#### LISTED RECORDS
════════════════════

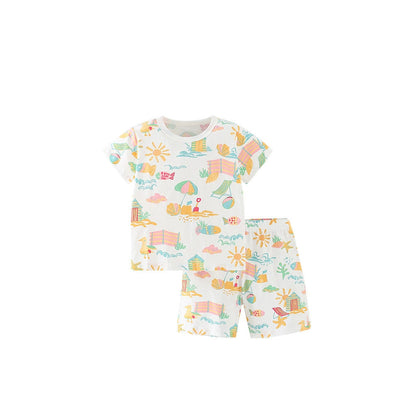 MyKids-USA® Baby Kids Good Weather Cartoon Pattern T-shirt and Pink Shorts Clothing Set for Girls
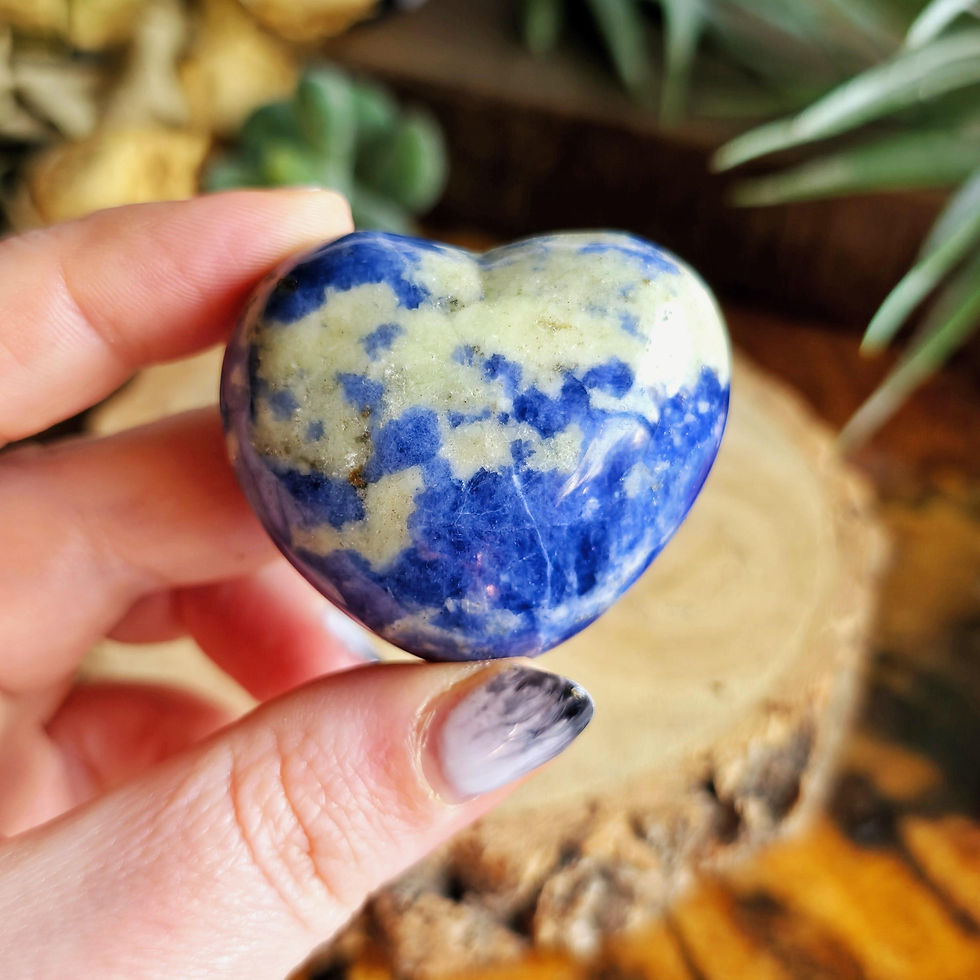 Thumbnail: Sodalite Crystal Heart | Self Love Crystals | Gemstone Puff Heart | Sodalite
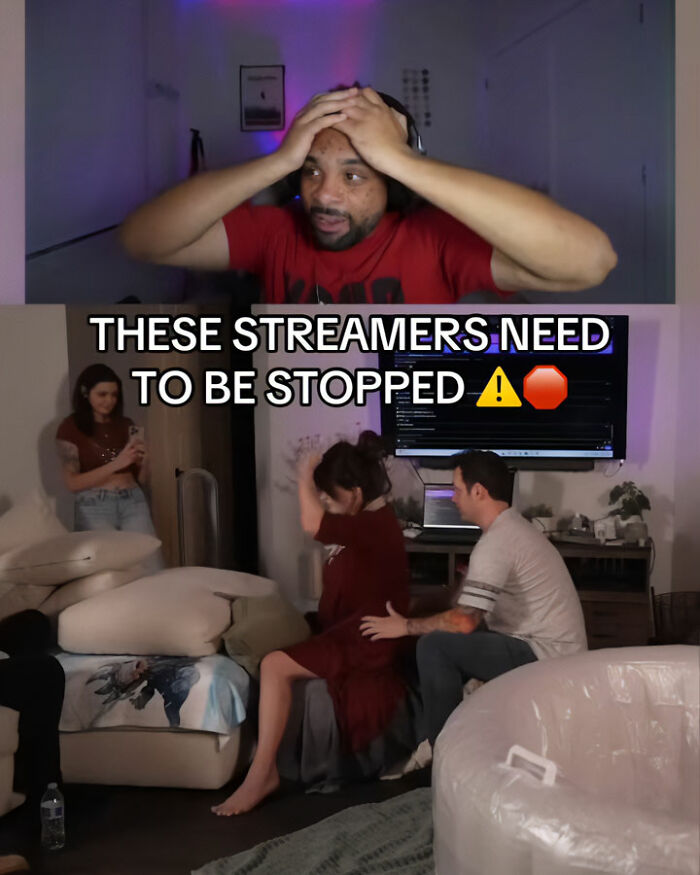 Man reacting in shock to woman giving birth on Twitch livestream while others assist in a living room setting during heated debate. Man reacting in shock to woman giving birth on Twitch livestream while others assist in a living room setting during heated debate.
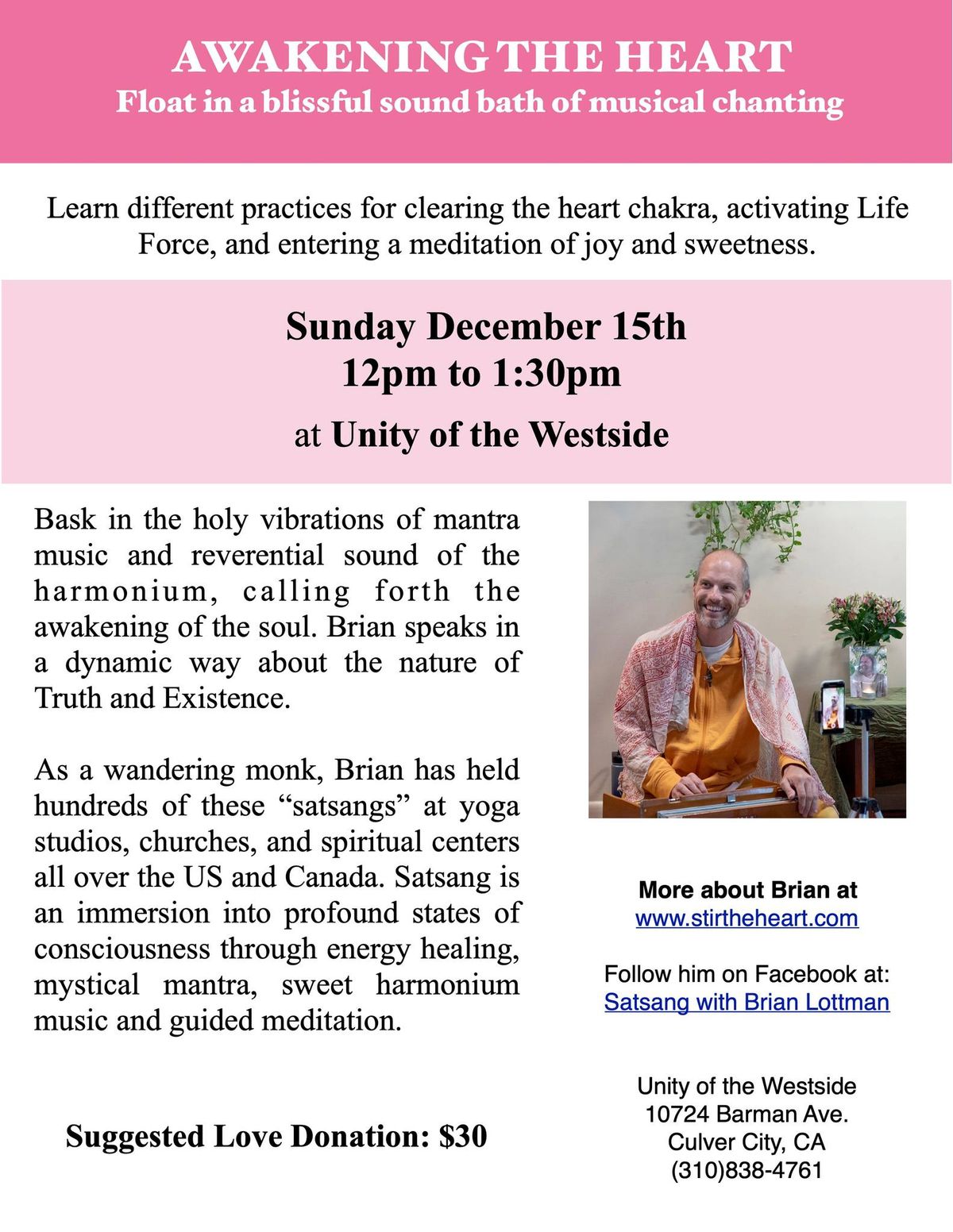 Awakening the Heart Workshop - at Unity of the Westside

════════════════════

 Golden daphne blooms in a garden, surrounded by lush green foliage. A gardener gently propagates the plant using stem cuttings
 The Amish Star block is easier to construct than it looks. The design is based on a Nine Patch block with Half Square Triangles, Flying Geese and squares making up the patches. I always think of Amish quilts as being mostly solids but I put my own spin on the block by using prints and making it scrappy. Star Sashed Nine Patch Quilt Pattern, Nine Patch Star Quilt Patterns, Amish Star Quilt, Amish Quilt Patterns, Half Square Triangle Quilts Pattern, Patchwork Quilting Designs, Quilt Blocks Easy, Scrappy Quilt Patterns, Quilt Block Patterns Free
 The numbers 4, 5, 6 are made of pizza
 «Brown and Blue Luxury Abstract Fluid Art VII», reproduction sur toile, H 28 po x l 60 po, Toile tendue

════════════════════

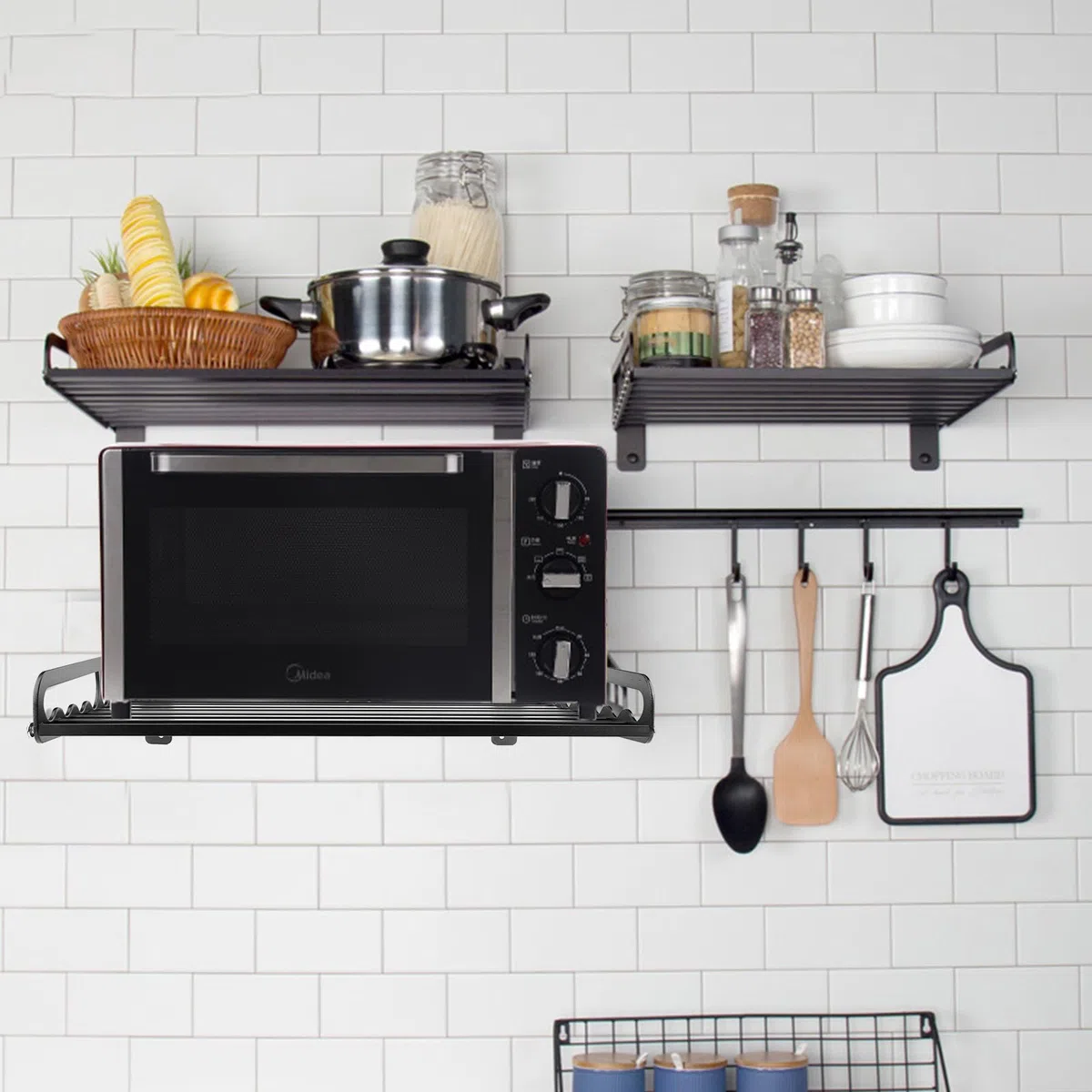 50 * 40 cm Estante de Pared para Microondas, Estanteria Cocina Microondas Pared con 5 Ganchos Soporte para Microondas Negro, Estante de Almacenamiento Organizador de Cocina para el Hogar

════════════════════

#### EXERCISE
Nothing but the lines from the one with "Thumbnail: Sodalite Crystal" to the one with "Awakening the Heart" above, both included, should be transcribed, exactly and without pictures.

#### WRITTEN REPLY
 Thumbnail: Sodalite Crystal Heart | Self Love Crystals | Gemstone Puff Heart | Sodalite
 Man reacting in shock to woman giving birth on Twitch livestream while others assist in a living room setting during heated debate. Man reacting in shock to woman giving birth on Twitch livestream while others assist in a living room setting during heated debate.
 Awakening the Heart Workshop - at Unity of the Westside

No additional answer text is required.